A coronary artery bypass surgery was successfully conducted on a 55-year old man with leaky heart valves and coronary artery stenosis

 

This patient from Nam Dinh Province was admitted to Viet Duc University Hospital for a dyspnea for about 2 months. With the diagnosis of severe leaky heart valves in combination with coronary artery stenosis, the surgical indication was made.

 

Dr. VU Ngoc Tu, Cardiac and Thoracic Center, Viet Duc University Hospital shared that patient’s cardiac condition was not so severe and a mitral valve repair combined with coronary bypass was expected. For the bypass, the saphenous vein or radial artery or internal mammary artery behind the sternum could be used. It is considered as routine intervention for most of patients with heart valves and coronary artery disorders.

 

However, as an obese congenital dwarfism with only 120 cm of height and 60 kg of weight (BMI = 41.7 in comparison with about 22 in normal person), this case was exceptional. The obesity impeded his extremities to support his body so he was unable to move by himself. The health status of patient predicted the movement problem could occur and affect directly to the post-operative recovery.

Patient’s legs were short and subcutaneous fat was thick so it was not possible to remove the saphenous vein for bypass procedure.

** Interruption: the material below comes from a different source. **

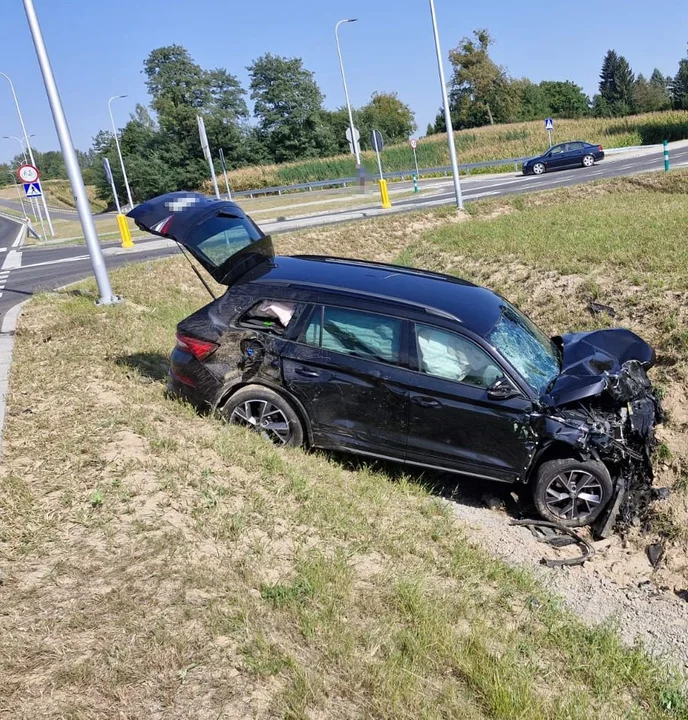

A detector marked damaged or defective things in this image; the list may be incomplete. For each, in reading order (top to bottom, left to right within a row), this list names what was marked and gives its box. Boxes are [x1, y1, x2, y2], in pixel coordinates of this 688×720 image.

shattered plastic piece [584, 300, 620, 318]
damaged black suv [129, 191, 660, 528]
shattered plastic piece [510, 516, 596, 568]
shattered plastic piece [648, 544, 664, 568]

Dr. Tu said that the surgical decision met a lot of difficulties, especially about materials used to conduct the coronary artery bypass. His short arms and legs with thick subcutaneous fat made it impossible to take vessels off. Beside, the deformed sternum made us impossible to remove the internal mammary artery for making a bridge as other patients.

 

To solve all above problems, the surgical team of Viet Duc University Hospital had a creative but daring decision to remove the saphenous vein from patient’s son. This was the only solution about material for coronary artery bypass but it had never been performed in Vietnam.

 

Another trouble was that the expected bypass position at ascending aorta was with multiple heavy calcification, a rare condition in a normal 55-year old man. Therefore, during operation, it is required to use every millimeter of the artery with less calcification possible to perform the bypass because if the anastomosis was performed on the calcified area, it might lead to life-threatening complications locally at the thoracic aorta and systematically by moving calcification or sclerosis up, causing cerebral infarction, and the patient might die immediately during the operation.

 

Two surgical teams worked at the same time smoothly. The 1st team took bilateral saphenous veins off from patient’s son and brought to the 2nd team who has already explored the patient’s heart. Heart valve repair was conducted at the same time with coronary artery bypass. After a 4-hour operation, the patient’s heart recovered well.

 

The post-operative recovery was favorable. After 1 week, patient recovered almost completely and could eat and self-care like a normal person. Cardiac ultrasound check and all blood tests results were good.